All lines ahead of the one containing "Marea Blouse Georgia" are to be left out; that line and each one after it, through the end of the records below, are to be duplicated exactly.
◇ ◇ ◇ ◇ ◇ ◇ ◇
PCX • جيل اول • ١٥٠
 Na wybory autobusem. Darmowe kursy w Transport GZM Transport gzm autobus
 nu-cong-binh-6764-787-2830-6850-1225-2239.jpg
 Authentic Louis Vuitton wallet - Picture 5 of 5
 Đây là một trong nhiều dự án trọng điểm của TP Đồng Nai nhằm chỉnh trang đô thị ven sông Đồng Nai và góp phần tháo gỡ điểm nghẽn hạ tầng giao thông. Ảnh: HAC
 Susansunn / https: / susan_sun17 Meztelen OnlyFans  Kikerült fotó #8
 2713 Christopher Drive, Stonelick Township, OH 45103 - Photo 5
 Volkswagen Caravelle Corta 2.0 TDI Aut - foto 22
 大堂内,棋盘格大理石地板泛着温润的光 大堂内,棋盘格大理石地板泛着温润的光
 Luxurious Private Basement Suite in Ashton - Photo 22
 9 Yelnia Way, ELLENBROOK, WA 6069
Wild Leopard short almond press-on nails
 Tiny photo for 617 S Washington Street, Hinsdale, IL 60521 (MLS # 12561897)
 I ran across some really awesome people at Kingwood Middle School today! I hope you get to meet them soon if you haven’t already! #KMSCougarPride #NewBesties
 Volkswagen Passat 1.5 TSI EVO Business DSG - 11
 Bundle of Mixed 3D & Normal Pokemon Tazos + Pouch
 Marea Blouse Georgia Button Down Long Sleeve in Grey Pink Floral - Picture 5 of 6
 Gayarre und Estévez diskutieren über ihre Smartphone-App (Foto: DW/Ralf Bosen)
◇ ◇ ◇ ◇ ◇ ◇ ◇
- Response below:
 Marea Blouse Georgia Button Down Long Sleeve in Grey Pink Floral - Picture 5 of 6
 Gayarre und Estévez diskutieren über ihre Smartphone-App (Foto: DW/Ralf Bosen)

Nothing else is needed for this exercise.